SOURCE DATA section start

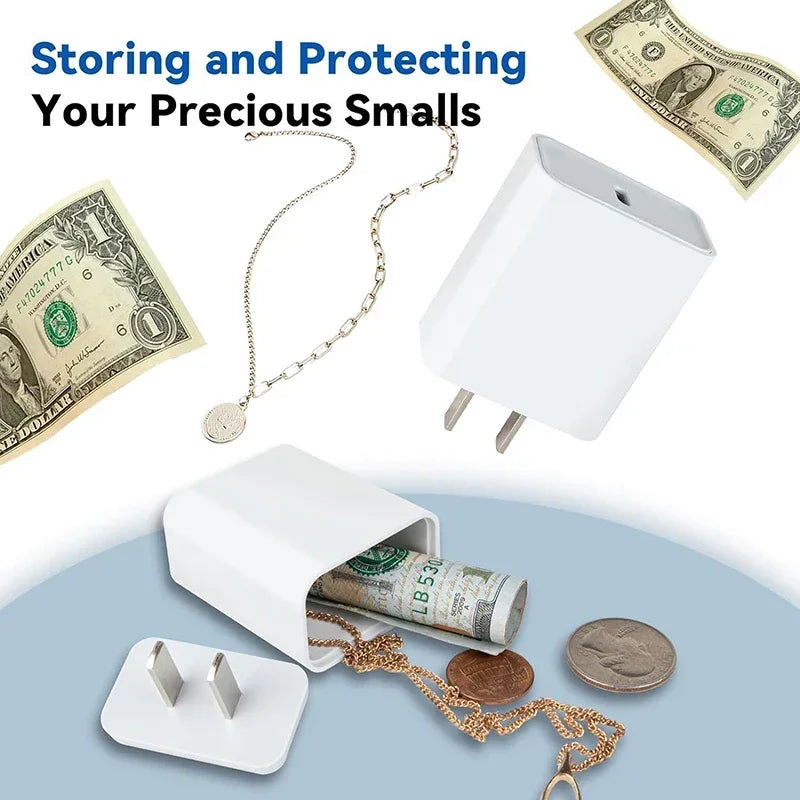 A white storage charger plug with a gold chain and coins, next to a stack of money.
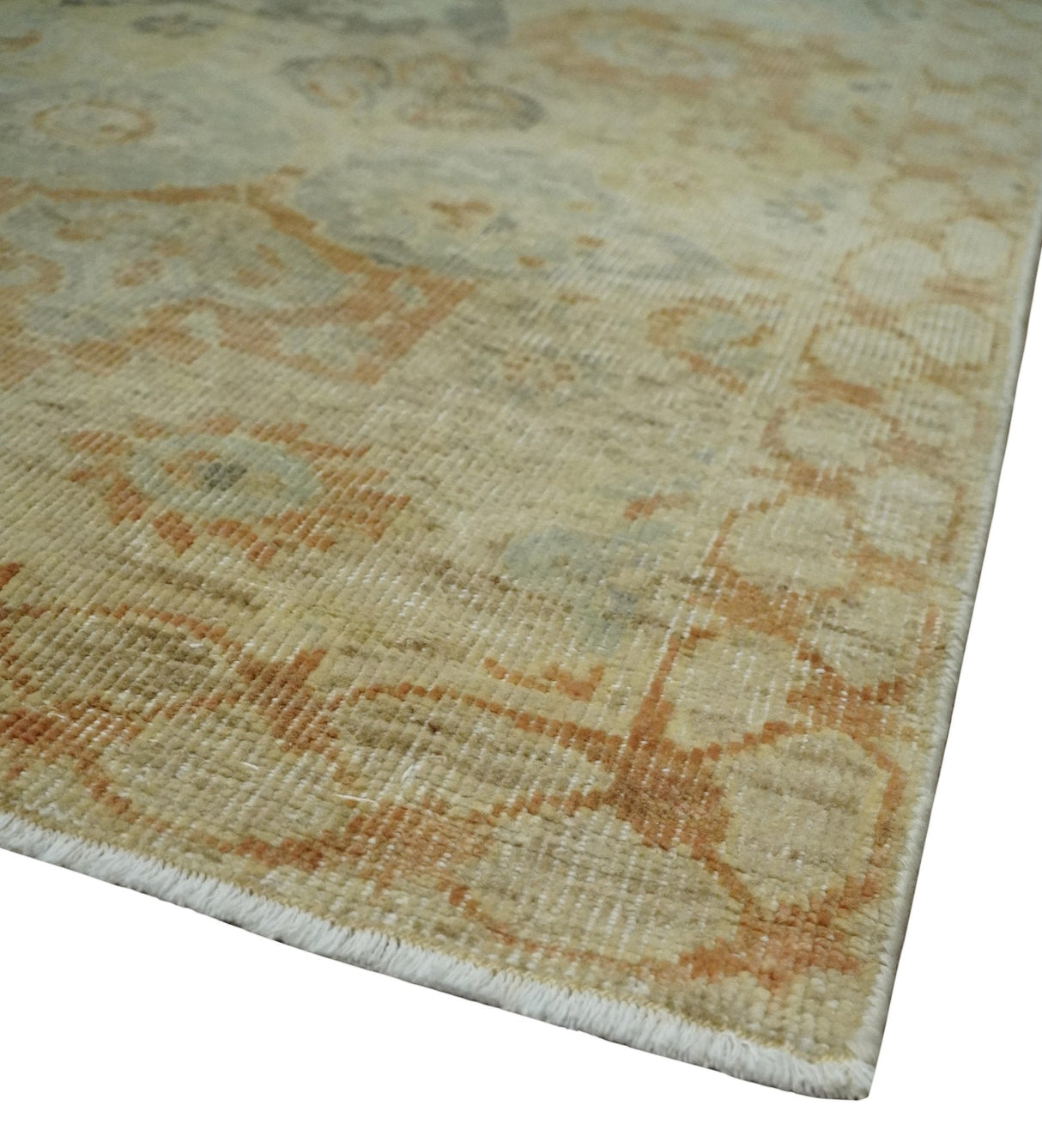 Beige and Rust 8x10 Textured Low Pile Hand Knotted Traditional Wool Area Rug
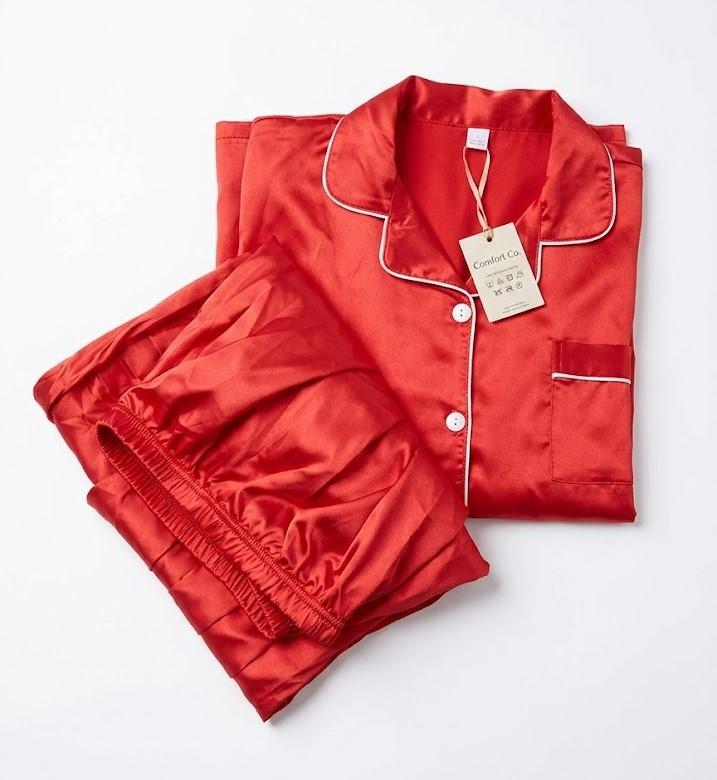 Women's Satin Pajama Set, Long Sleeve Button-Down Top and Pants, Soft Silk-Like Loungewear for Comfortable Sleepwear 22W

SOURCE DATA section end
SOURCE DATA section start

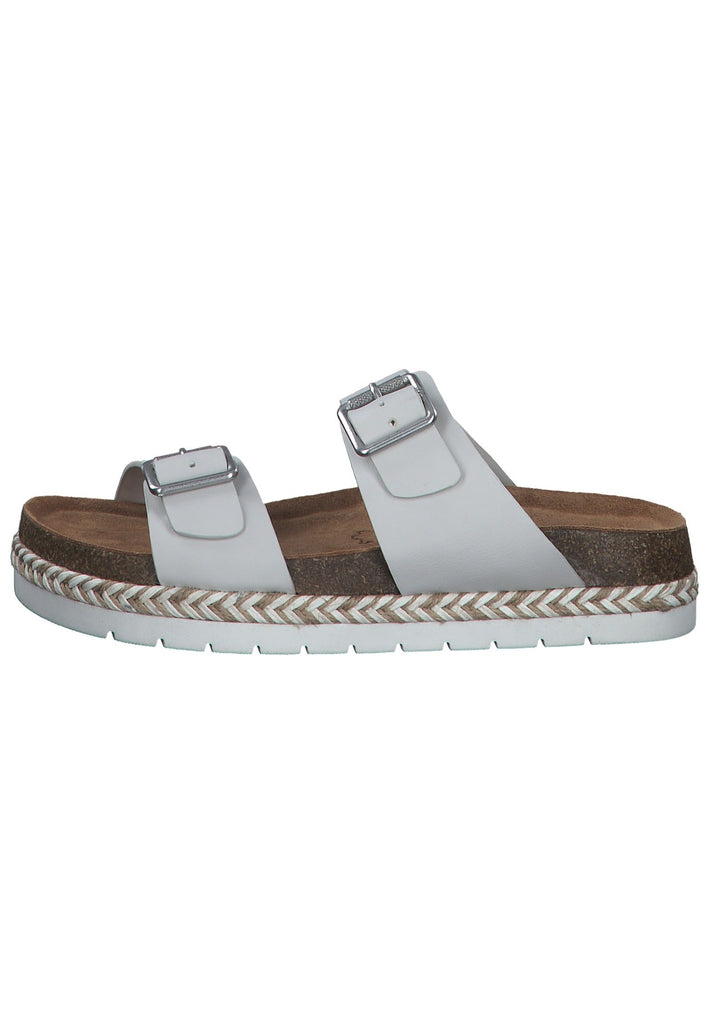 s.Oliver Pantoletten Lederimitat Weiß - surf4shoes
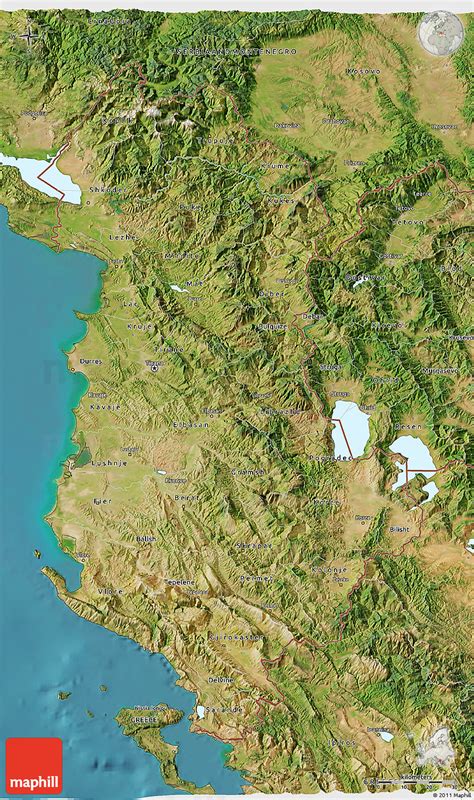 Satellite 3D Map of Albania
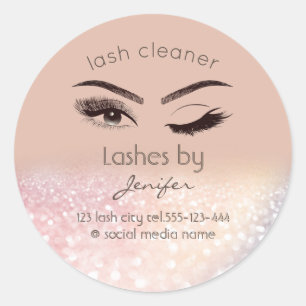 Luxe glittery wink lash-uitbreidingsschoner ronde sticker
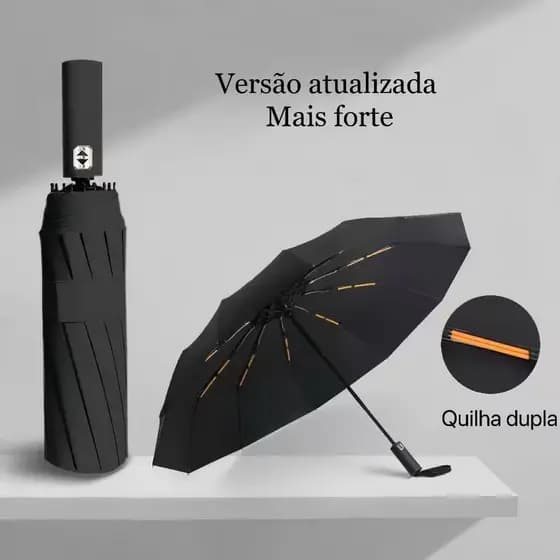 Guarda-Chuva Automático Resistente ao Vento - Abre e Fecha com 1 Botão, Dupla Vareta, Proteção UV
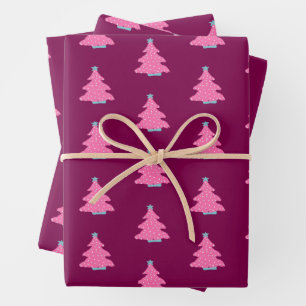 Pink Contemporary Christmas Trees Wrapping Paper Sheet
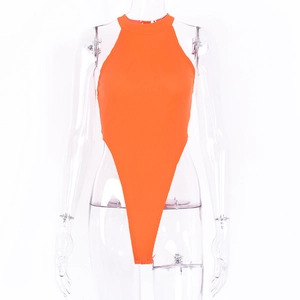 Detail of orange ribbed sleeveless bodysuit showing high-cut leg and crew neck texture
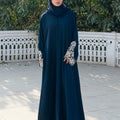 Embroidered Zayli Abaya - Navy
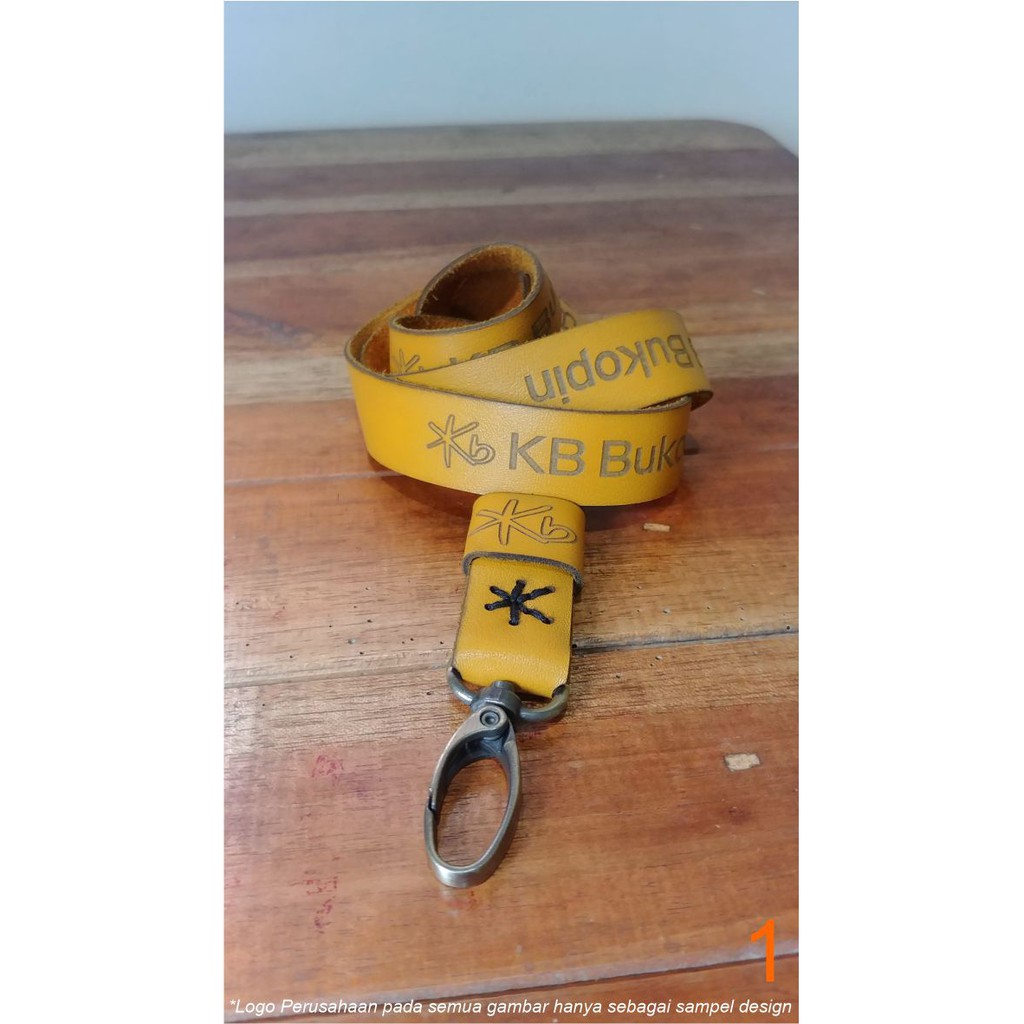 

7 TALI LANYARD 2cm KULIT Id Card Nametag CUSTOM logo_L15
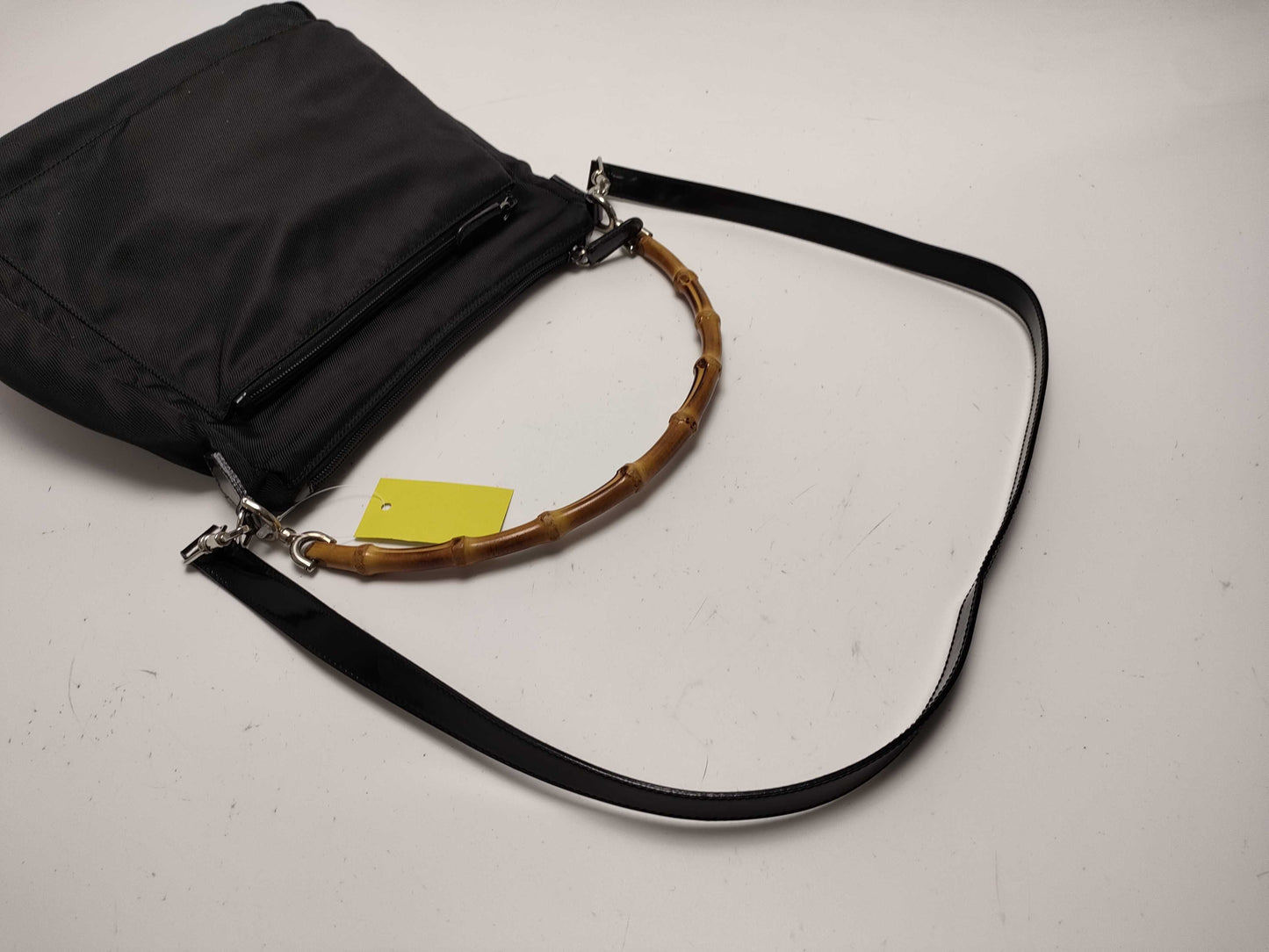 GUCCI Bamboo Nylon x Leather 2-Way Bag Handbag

SOURCE DATA section end

Above are the records; please give again, exactly and in full, only the lines that run from the line with "A white storage" through the line with "Women's Satin Pajama", with no pictures.

**WRITTEN ANSWER**.
 A white storage charger plug with a gold chain and coins, next to a stack of money.
 Beige and Rust 8x10 Textured Low Pile Hand Knotted Traditional Wool Area Rug
 Women's Satin Pajama Set, Long Sleeve Button-Down Top and Pants, Soft Silk-Like Loungewear for Comfortable Sleepwear 22W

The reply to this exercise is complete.